The market anticipates Telecom Egypt's IPO in bearish mood, reports Sherine Abdel-Razek
We've seen it before -- investors rushing to liquidate their holdings in companies across the board as they scramble to amass cash to inject in a pending IPO. It happened with SIDPEC and Amoc, and now the same scenario is repeating itself. This time it is the long awaited IPO of Egypt's fixed line monopoly, Telecom Egypt (TE).
The selling spree that dominated transactions in the third trading week of November drove CASE 30, the index tracing the market's most active 30 stocks, down to finish the week at 5,725 points, a 4.2 per cent drop on the previous week. Total market turnover in the last seven days reached LE3.457 billion, with bonds contributing LE305.47 million.
Shares in EFG-Hermes Holding ranked first in terms of the value of transactions. The company did, however, lose some ground over the course of the week, ending at LE83 compared to the LE90 something it has been hovering around since the beginning of the month.
The drop came despite remarkable growth in its nine-month profit, which reached LE187 million as opposed to the net loss of LE0.26 million recorded for the same period of last year. Meanwhile the company denied rumours that it is seeking a listing on the Abu Dhabi and Dubai stock exchanges. The company, which has been expanding its regional activities after opening a branch in the United Arab Emirates, has applied for a brokerage in Saudi Arabia.
Arab Cotton and Ginning Company remained the market's most active performer in terms of the volume of traded shares. Arab Cotton Ginning is currently in negotiation with Nile Modern Cotton as it seeks to increase its stake in the company. Nile Modern Cotton recently acquired a controlling stake in Kabo, which in turn owns 54 per cent of the Alexandria Spinning and Weaving Company.
The banking sector had a hectic week. CIB came under pressure after the National Bank of Egypt announced that it was selling its 19 per cent stake in the bank to an investment fund rather than an international financial institution, a move that disappointed investors who had hoped the bank would be sold at a high premium. The bank ended the week at LE53.90. Al-Watany could not buck the downward trend and last week's healthy performance was reversed as it ended at LE23.60, down from LE26.40, its highest level since February 2000.

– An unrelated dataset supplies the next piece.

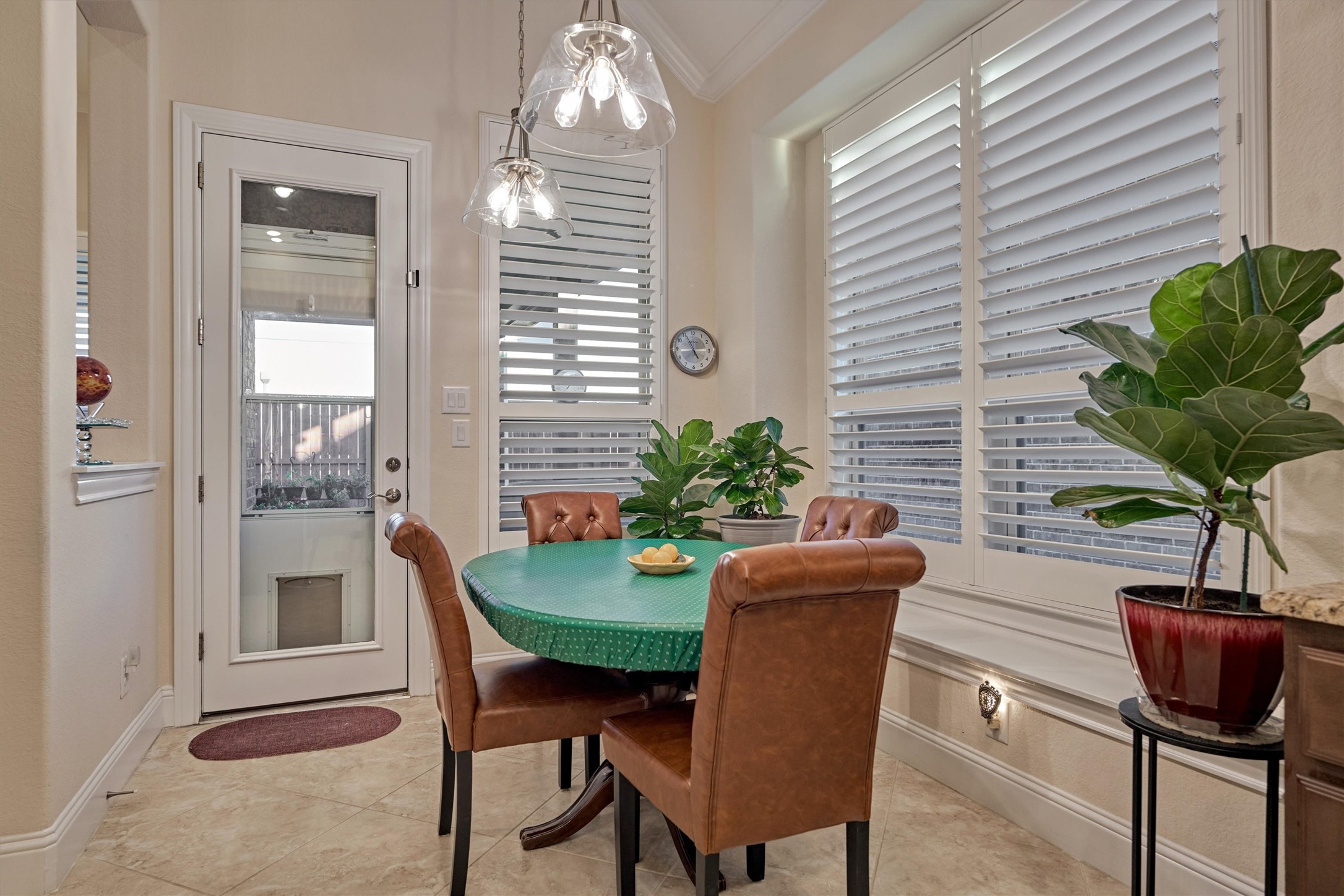 8827 Leaning Hollow Lane Spring, TX 77379 - Photo 27 of 49 Cute seating ledge and pet door.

BLOM Bank of Lebanon has submitted an offer for 43.7 million shares, representing 87.5 per cent of Misr Romanian Bank at a price of LE11.82 per share. BLOM Bank already owns the remaining 12.5 per cent of Misr Romanian. BLOM is seeking outright ownership and reserved the right to withdraw its offer should less than 27.2 million shares be up for grabs.
It was a relatively active week for the cement sector with most of the key players posting better than expected nine- month figures. ASEC Cement, which is now 98 per cent owned by Italcementi, announced profits of LE283 million for the first nine months of the year, a huge improvement on last year's LE2.8 million. Misr Beni Sweif Cement, Qena Cement and Sinai Cement recorded 289, 124 and 113 per cent increases respectively in their net profits. Demand for cement has been on the rise for a year now as the rise in oil prices has boosted real estate development in the Gulf.
Egypt's largest rug-maker, Oriental Weavers, has announced details of its long-awaited corporate restructuring. The company held an extraordinary general meeting on 12 November to approve the restructuring and an associated increase in paid-in capital from LE200 million to LE300 million.
As part of the restructuring, the Khamis family, as well as some non-family minority shareholders, will swap direct holdings in OW subsidiaries and sister companies for shares in OW. According to an EFG report the Khamis family's stake in OW is expected to increase from 71.7 per cent to 77.4 per cent following the restructuring.
The Khamis family intends to pursue a secondary offering of existing shares to increase the group's free float in addition to listing shares as GDRs in international markets.